A long time ago in a galaxy far, far away ... there was a couple. Who were simply just dating. Who were without children. Who dared to have serious conversations, uninterrupted, while enjoying a meal that dared to be warm at the time of consumption. Who slept - on a whim - for ten uninterrupted hours at night. Who spontaneously ... did things without having to book a babysitter three months in advance. Who ... went out to brunch on Sunday mornings and ordered Bloody Mary's instead of firing up the minivan to go to soccer practice, then to wiffle ball, then to swim lessons, then to a birthday party, etc.
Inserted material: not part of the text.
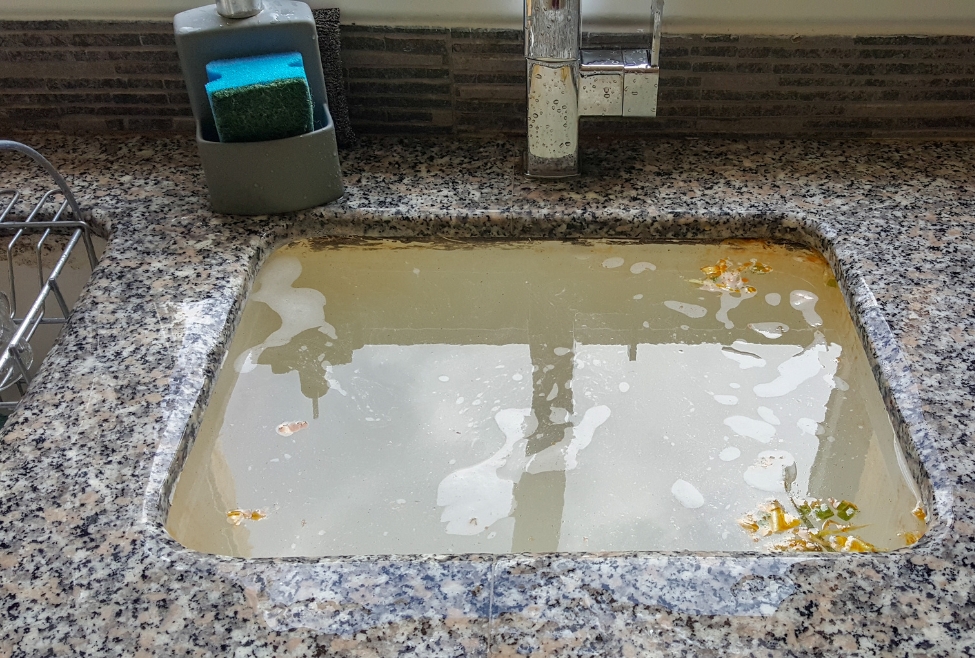 Kitchen sink filled with standing water due to slow drainage, illustrating why is my drain slow but not clogged, including early-stage pipe buildup, partial blockages, and drainage restriction issues requiring professional drain cleaning services, plumbing inspection, and clog removal solutions by Neighborhood Plumbing. Call us now for help with why is my drain slow but not clogged, slow draining sink causes, why is my sink draining slowly but not clogged, bathtub draining slow but not clogged, shower drain slow but no clog, kitchen sink slow drain issues, early signs of drain blockage, partial drain clog symptoms, plumbing drain flow problems, why is water draining slowly in my sink, clogged pipe symptoms without full blockage, drain buildup removal services, grease buildup in pipes solution, hair clog drain slow drainage, sewer line partial blockage signs, main drain slow drainage issues, professional drain cleaning services, hydro jetting drain cleaning, drain inspection services, plumbing clog removal services, emergency drain cleaning near me, drain cleaning near me, plumber for slow drain near me, plumbing services near me, drain unclogging services near me, sewer inspection near me, kitchen drain cleaning near me, bathroom drain cleaning near me.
Who debated about whether to eat dinner at Rainbow Dragon or Farragut House, instead of whose night it was to make pasta again and pack lunch boxes.
Then the couple got married. And had kids. The end.
(dramatic pause)
However, there is that once a year opportunity for THE WIFE and I to turn back the clock. You know that trip I'm talking about. The re-connector. The "just the two of us" getaway. The "oh yeah, this is why we love each other" weekend. The two or three days when you ditch the kids with grandparents and possibly come home with a new addition to the family, assuming you were procrastinating on that vasectomy. This much coveted, temporary, time travel away from reality is also know as ... the Weekender.
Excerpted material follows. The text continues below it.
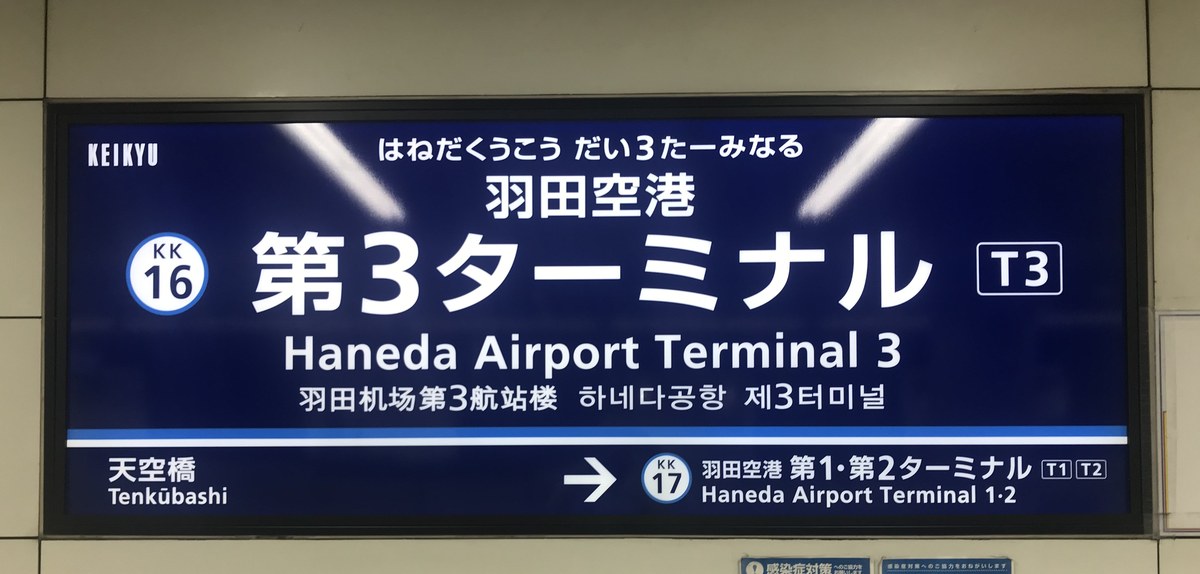 京急羽田空港第 3 航廈站的藍底站名牌：大字「羽田空港 第3ターミナル」、站號 KK16 與 T3 標誌，下方左邊是前一站「天空橋」，右邊箭頭指向「第1・第2ターミナル」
THE WIFE and I have our annual sojourn coming up soon. And it got me thinking. I need to prepare accordingly.
There are some classic do's and don'ts I follow when getting ready for a Weekender. Here is a sample of the refresher course I read to myself in the mirror during the countdown to escape...
In the days leading up to a Weekender, it's important to maintain health at all costs. Specifically, in the week before the trip, boost up the immune system. DO take Vitamin C supplements and echinacea. DO drink plenty of fluids. DO get some extra rest. In other words, DO wear a hazmat suit, if possible, when interacting with your kids and especially when conducting any pick up or drop off at day care or schools. Then disinfect said child(ren) thoroughly upon returning home. If outright quarantine is possible, by all means take advantage.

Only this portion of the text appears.